- Extracted data
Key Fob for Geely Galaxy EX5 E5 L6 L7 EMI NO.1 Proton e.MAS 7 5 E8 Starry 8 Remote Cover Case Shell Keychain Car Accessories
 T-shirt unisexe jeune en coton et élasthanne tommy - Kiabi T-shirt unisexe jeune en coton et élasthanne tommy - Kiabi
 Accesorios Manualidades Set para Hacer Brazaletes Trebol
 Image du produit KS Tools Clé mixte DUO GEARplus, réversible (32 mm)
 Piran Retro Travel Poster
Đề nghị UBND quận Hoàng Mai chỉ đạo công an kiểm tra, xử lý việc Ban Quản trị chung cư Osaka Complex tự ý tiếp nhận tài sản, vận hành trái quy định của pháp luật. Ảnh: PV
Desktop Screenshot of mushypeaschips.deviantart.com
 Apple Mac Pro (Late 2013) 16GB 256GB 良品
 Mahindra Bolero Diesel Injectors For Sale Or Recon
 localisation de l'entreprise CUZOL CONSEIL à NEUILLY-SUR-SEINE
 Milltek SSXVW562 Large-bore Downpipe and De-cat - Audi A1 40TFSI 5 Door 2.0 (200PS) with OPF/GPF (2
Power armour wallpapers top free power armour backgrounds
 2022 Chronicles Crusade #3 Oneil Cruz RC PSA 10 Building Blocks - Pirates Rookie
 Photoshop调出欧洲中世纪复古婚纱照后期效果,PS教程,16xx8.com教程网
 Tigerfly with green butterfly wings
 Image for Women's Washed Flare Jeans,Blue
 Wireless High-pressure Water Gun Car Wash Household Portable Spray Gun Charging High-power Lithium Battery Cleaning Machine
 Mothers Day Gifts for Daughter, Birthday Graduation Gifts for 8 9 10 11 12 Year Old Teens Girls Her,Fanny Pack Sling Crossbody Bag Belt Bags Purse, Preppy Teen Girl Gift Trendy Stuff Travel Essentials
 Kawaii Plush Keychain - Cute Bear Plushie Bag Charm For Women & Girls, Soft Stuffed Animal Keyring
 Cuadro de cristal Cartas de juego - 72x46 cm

- About this exercise
The whole listing, restated word for word, is the expected answer.

- Task solution
Key Fob for Geely Galaxy EX5 E5 L6 L7 EMI NO.1 Proton e.MAS 7 5 E8 Starry 8 Remote Cover Case Shell Keychain Car Accessories
 T-shirt unisexe jeune en coton et élasthanne tommy - Kiabi T-shirt unisexe jeune en coton et élasthanne tommy - Kiabi
 Accesorios Manualidades Set para Hacer Brazaletes Trebol
 Image du produit KS Tools Clé mixte DUO GEARplus, réversible (32 mm)
 Piran Retro Travel Poster
Đề nghị UBND quận Hoàng Mai chỉ đạo công an kiểm tra, xử lý việc Ban Quản trị chung cư Osaka Complex tự ý tiếp nhận tài sản, vận hành trái quy định của pháp luật. Ảnh: PV
Desktop Screenshot of mushypeaschips.deviantart.com
 Apple Mac Pro (Late 2013) 16GB 256GB 良品
 Mahindra Bolero Diesel Injectors For Sale Or Recon
 localisation de l'entreprise CUZOL CONSEIL à NEUILLY-SUR-SEINE
 Milltek SSXVW562 Large-bore Downpipe and De-cat - Audi A1 40TFSI 5 Door 2.0 (200PS) with OPF/GPF (2
Power armour wallpapers top free power armour backgrounds
 2022 Chronicles Crusade #3 Oneil Cruz RC PSA 10 Building Blocks - Pirates Rookie
 Photoshop调出欧洲中世纪复古婚纱照后期效果,PS教程,16xx8.com教程网
 Tigerfly with green butterfly wings
 Image for Women's Washed Flare Jeans,Blue
 Wireless High-pressure Water Gun Car Wash Household Portable Spray Gun Charging High-power Lithium Battery Cleaning Machine
 Mothers Day Gifts for Daughter, Birthday Graduation Gifts for 8 9 10 11 12 Year Old Teens Girls Her,Fanny Pack Sling Crossbody Bag Belt Bags Purse, Preppy Teen Girl Gift Trendy Stuff Travel Essentials
 Kawaii Plush Keychain - Cute Bear Plushie Bag Charm For Women & Girls, Soft Stuffed Animal Keyring
 Cuadro de cristal Cartas de juego - 72x46 cm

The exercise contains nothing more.